HN: Yes. There is a registry now (12,500 entries) inherited from KRAIL, but it is inconvenient. We are developing a new product based on the Diia Engine. The goal is to protect vulnerable categories. This is not a registry of “sick” people; it is a self-exclusion registry.
KP: Will players be able to restrict themselves through the “Diia” app?
HN: We plan to make it available through the portal. The maximum term for self-exclusion is 3 years.
KP: Please tell us, what is the current liability for operators who allow such people to play?
HN: The fine is five hundred minimum wages, which is 4 million UAH. Moreover, if an operator allows such a person to play, they must compensate the player for their loss tenfold – directly to the player (the self-excluded person). So, they have to both pay the fine and pay out 10 times more than the person lost.
KP: So, does this mean operators are now genuinely trying to prevent such people from playing?
HN: The illegal market can burst in with some “trashy,” aggressive advertising, earn even more than a legal player in the moment, but quickly disappear for various reasons. Therefore, purely ideologically (I won’t speak about individual cases now), a legal operator does not need a person with an addiction. They are more interested in a player who can stably spend, say, 5% of their income on gaming every month.
In the gambling business, there is a metric called LTV (lifetime value): how much money a player brings to the company over their entire “life” with the product. The cost of acquiring a new player is very high: you pay for traffic, you pay the team. A person suffering from addiction, most likely, brings their last funds. And those are usually not large amounts.

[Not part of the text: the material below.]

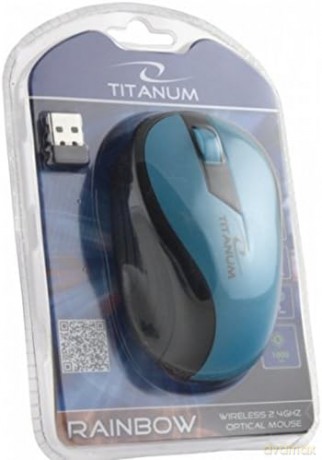 TITANUM MYSZ BEZPRZEWODOWA OPTYCZNA TM114T RAINBOW TURKUSOWA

Photo: Playcity Press Service
There, it’s already a pathology: a person goes and sells something from their home to lose it at a casino. Then comes a mountain of problems. Interaction with such a person is difficult, and the money is “not the right kind.”
Therefore, a civilized market – which “white-label” players and we both strive for – is one where gaming is perceived as entertainment. So that people do not participate in gambling to their own detriment. It should be a choice: I have free funds, and I decide whether to go to the cinema, buy a ticket for 200–300 UAH, or place a bet at a casino. I make a choice, get an emotion, and stop after that.
The state’s task is not to ban entertainment, but to create conditions where it does not harm the individual. That is why we are investing in a digital self-exclusion registry and communication with citizens and organizers.
KP: How does Playcity see its role in cultivating responsible gaming?
HN: Let’s divide this into response tools and communication tools. What we are already doing – fines for access violations, monitoring – are tools for “educating” the market.
The Ministry of Digital Transformation has adopted new rules for responsible gaming, and limits are currently being developed. Our task here consists of two parts. First, to ensure control over the market’s implementation of these rules. Second, to communicate this to the people.
For example, take that same registry of persons with restricted access to gambling establishments. On one hand, we must technically create the right product – convenient for the player, for us, and for the market. On the other hand, we must inform people that such a registry exists. I am sure that the majority of the population today simply does not know about this restriction tool.
The involvement of the National Bank of Ukraine is equally important. Without synchronization with the financial regulator, it is impossible to effectively counter illegal market schemes – p2p transfers, miscoding, and bypassing financial controls through which illegal operators evade responsibility. The Ministry of Digital Transformation is currently helping to involve the banking regulator in the reform.
This is our role: working with the market and working with citizens. And, of course, a separate role in communication is explaining to people what the illegal market is, why it exists, and what risks it poses to both the player and the state as a whole.